» **Required action**:
Please copy the records below word for word, leaving out the pictures.

» **Provided data**:
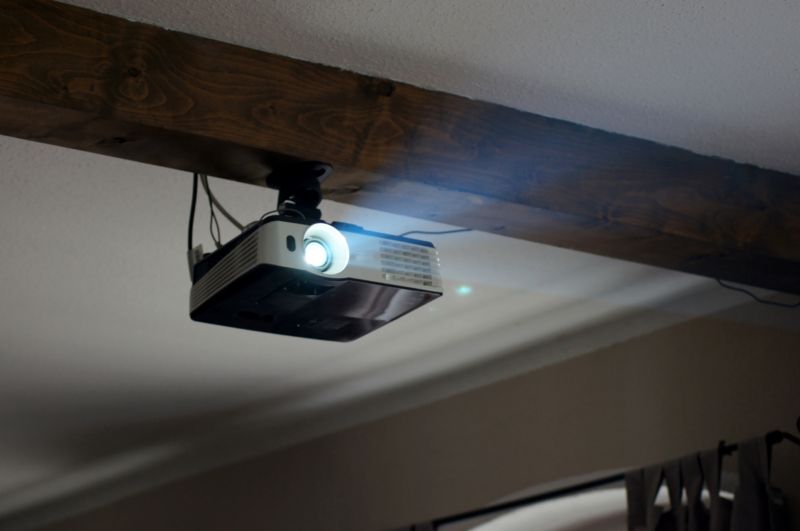 Ceiling Tv Mount detail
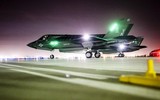 [ẢNH] Chiến hạm, máy bay Nhật phong tỏa biển, ngăn chặn việc cướp xác máy bay F-35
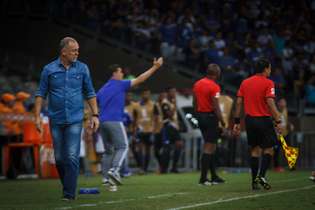 Mano Menezes durante a derrota do Cruzeiro para o Emelec, na última rodada da fase de grupos da Libertadores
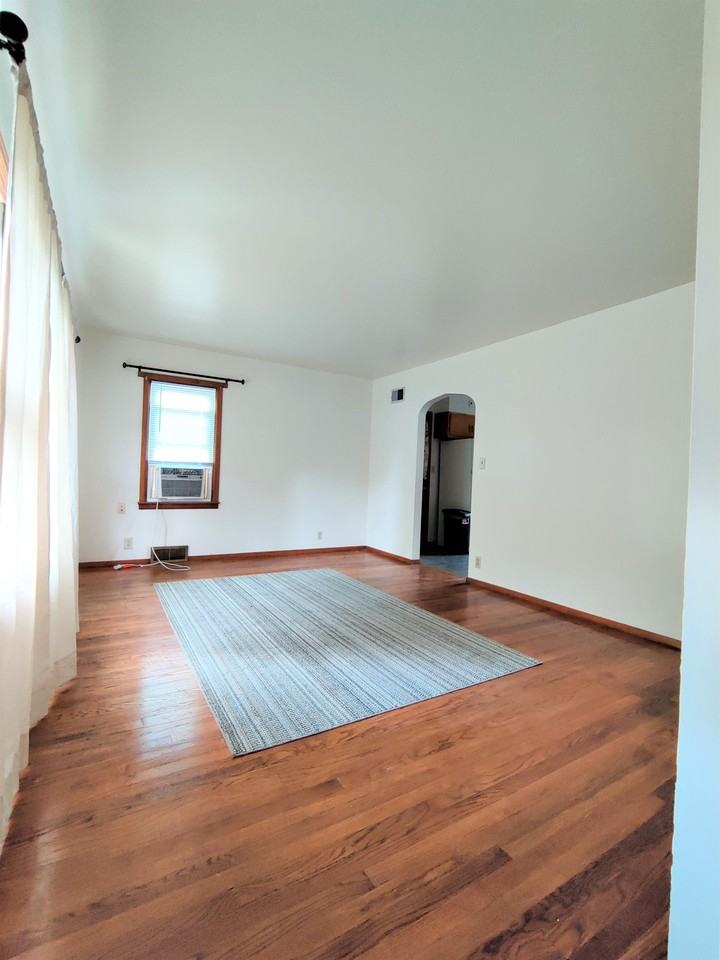 211 Wyoming Ave #1 - Photo 4 of 16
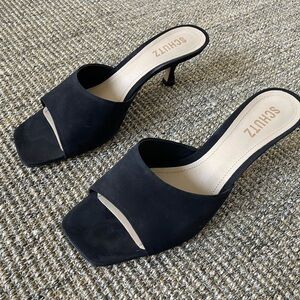 SCHUTZ DETHALIA SANDAL/ KITTEN HEELS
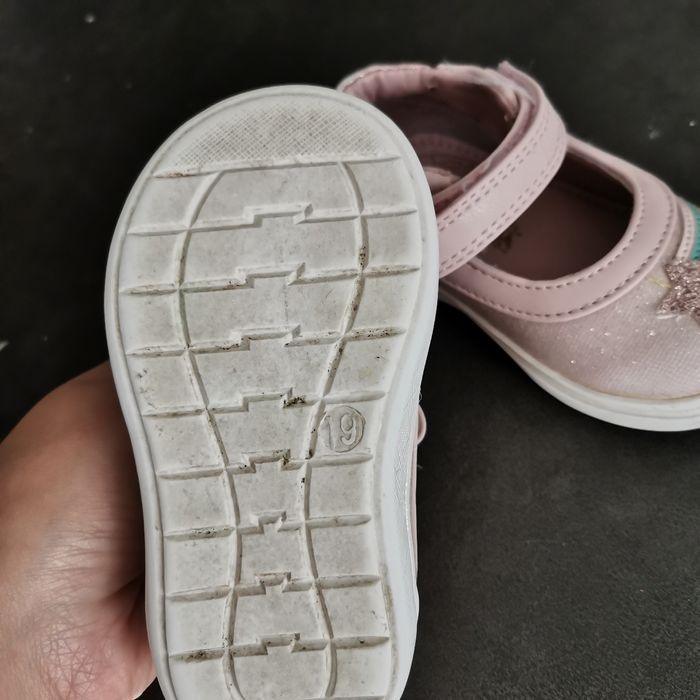 Chaussure rose - photo numéro 4
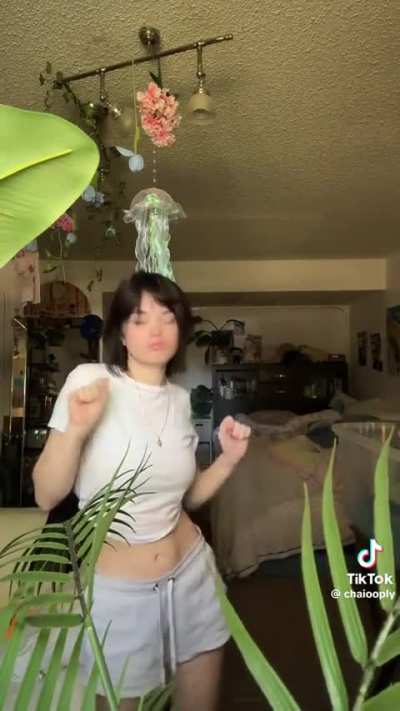 Her waist is insane 😍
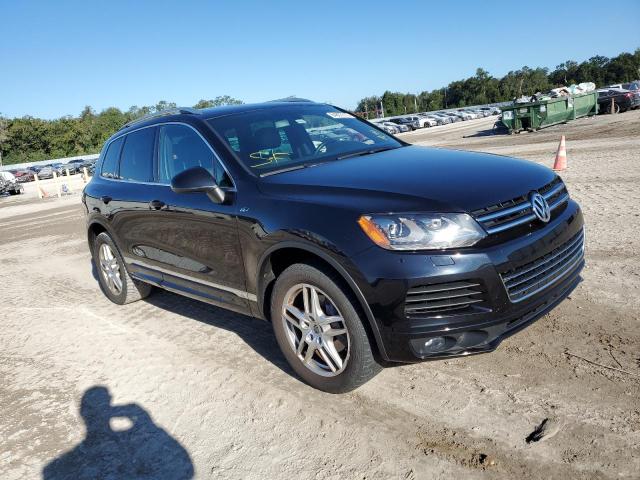 WVGDF9BP8ED009684 - 2014 VOLKSWAGEN TOUAREG V6 BLACK photo 1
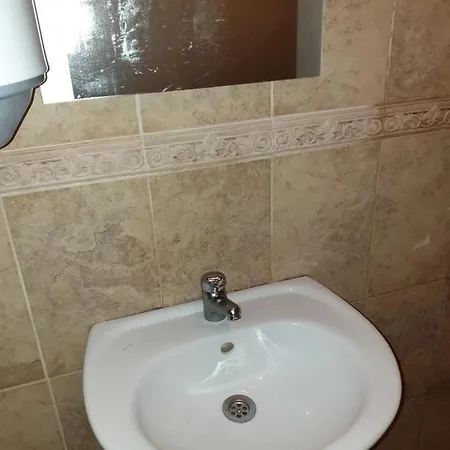 Luxurious Nani דירה קרנבו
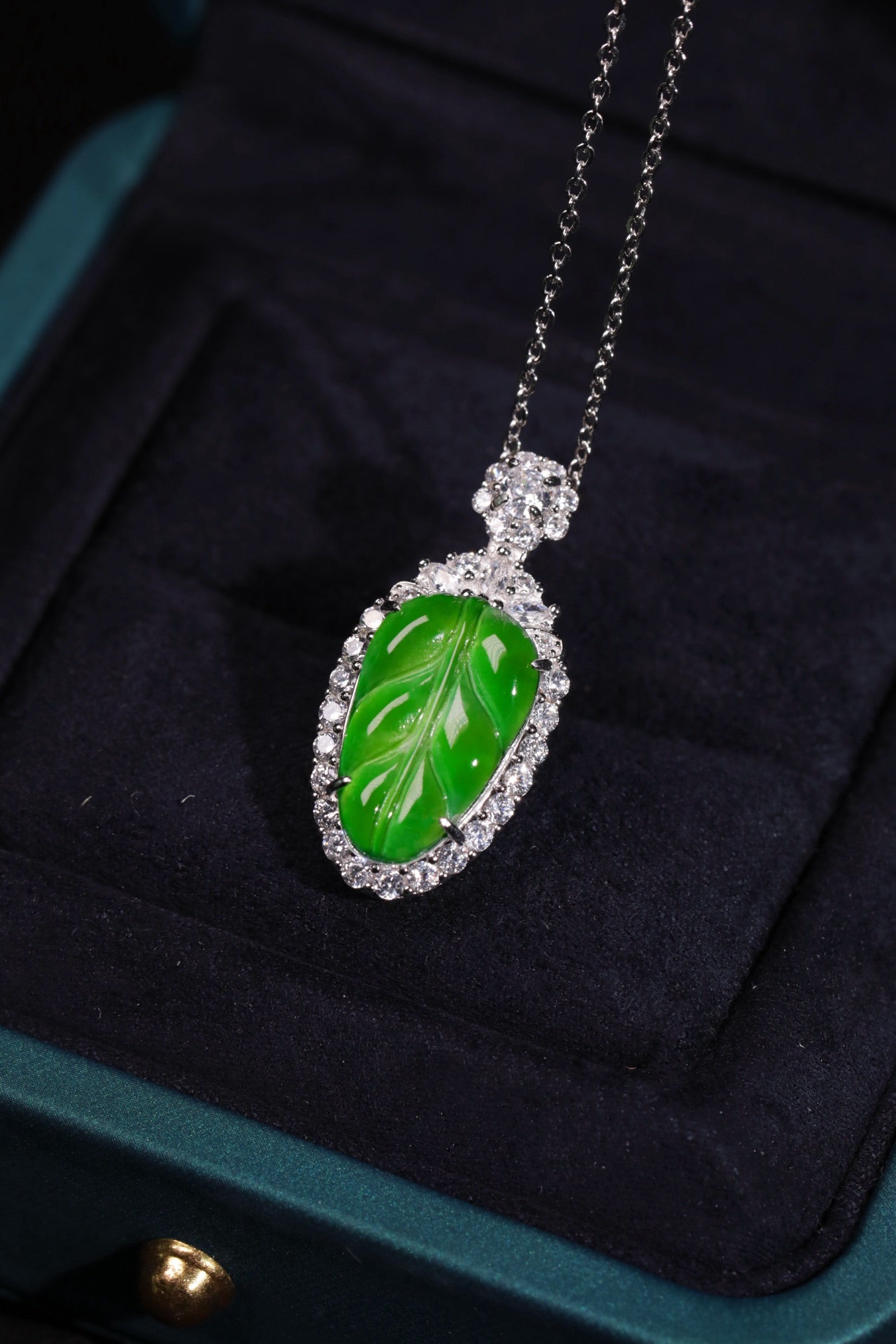 Diamond-Set Leaf Pendant Necklace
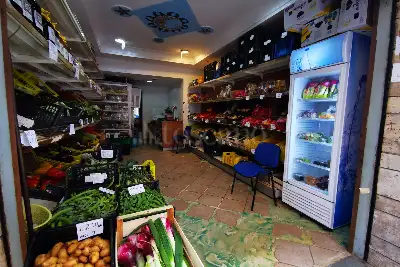 Negozio in vendita, Via Monfalcone 69, Bari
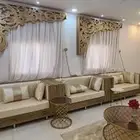 كنب مجلس مع الستائر والطاولات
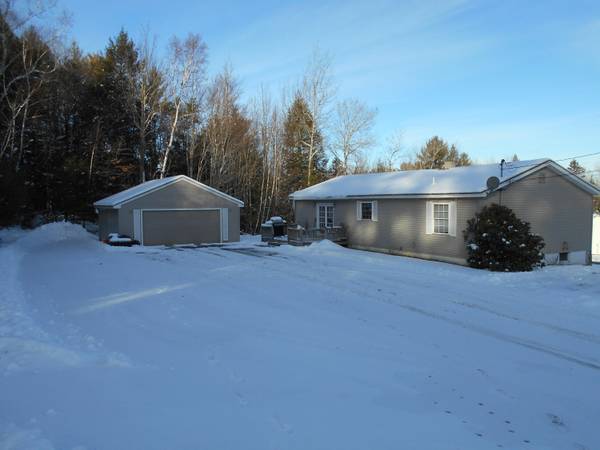 5 January LN, Milford, ME 04461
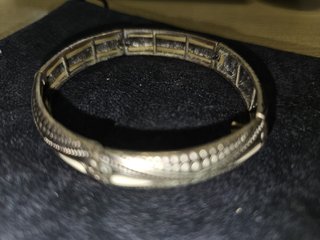 Brazalete Vintage Plateado con Detalles Blancos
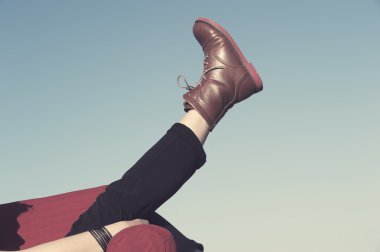 Kadının bacaklarını kapat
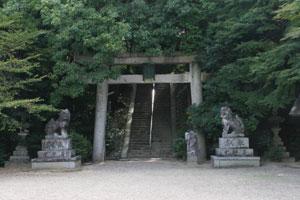 建水分神社の鳥居と2体の狛犬の写真
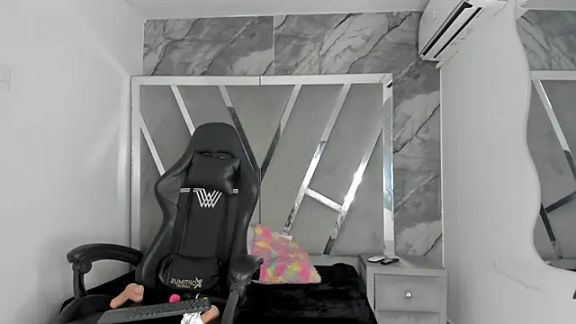 Mia_Petiteht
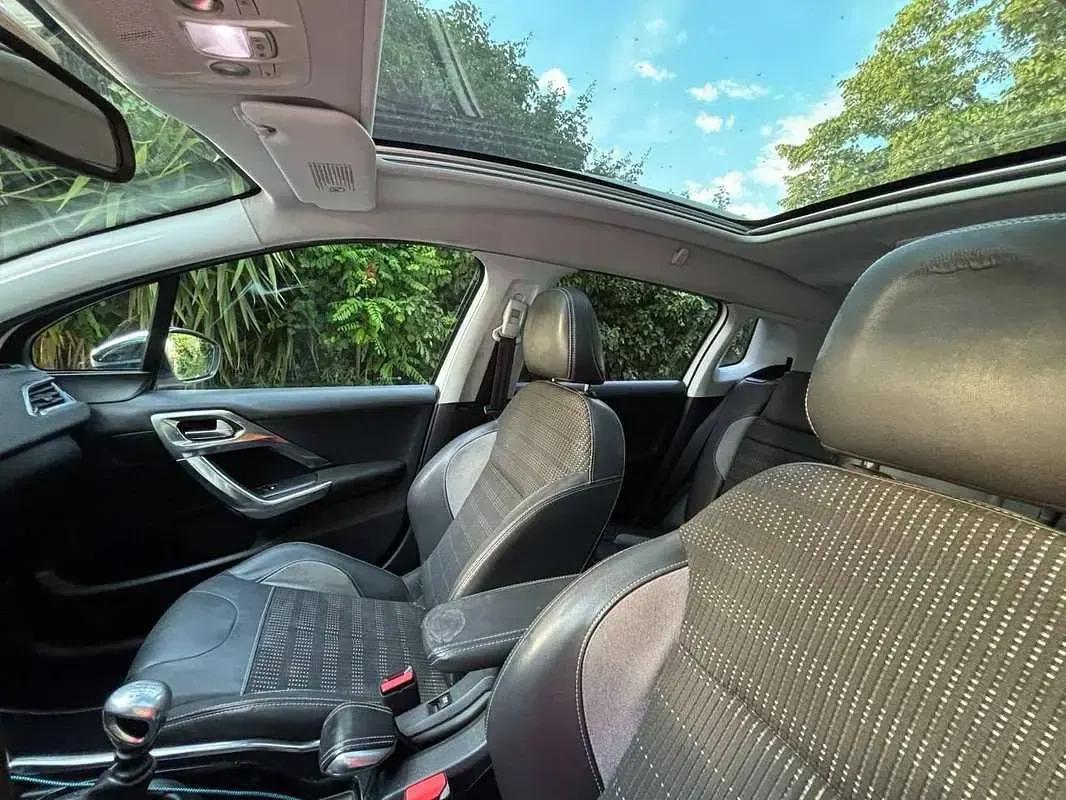 Usata Peugeot 2008 Allure 114 CV (83 kW) 2013 Bianco SUV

» **Written answer**:
 Ceiling Tv Mount detail
 [ẢNH] Chiến hạm, máy bay Nhật phong tỏa biển, ngăn chặn việc cướp xác máy bay F-35
 Mano Menezes durante a derrota do Cruzeiro para o Emelec, na última rodada da fase de grupos da Libertadores
 211 Wyoming Ave #1 - Photo 4 of 16
 SCHUTZ DETHALIA SANDAL/ KITTEN HEELS
 Chaussure rose - photo numéro 4
 Her waist is insane 😍
 WVGDF9BP8ED009684 - 2014 VOLKSWAGEN TOUAREG V6 BLACK photo 1
 Luxurious Nani דירה קרנבו
 Diamond-Set Leaf Pendant Necklace
 Negozio in vendita, Via Monfalcone 69, Bari
 كنب مجلس مع الستائر والطاولات
 5 January LN, Milford, ME 04461
 Brazalete Vintage Plateado con Detalles Blancos
 Kadının bacaklarını kapat
 建水分神社の鳥居と2体の狛犬の写真
 Mia_Petiteht
 Usata Peugeot 2008 Allure 114 CV (83 kW) 2013 Bianco SUV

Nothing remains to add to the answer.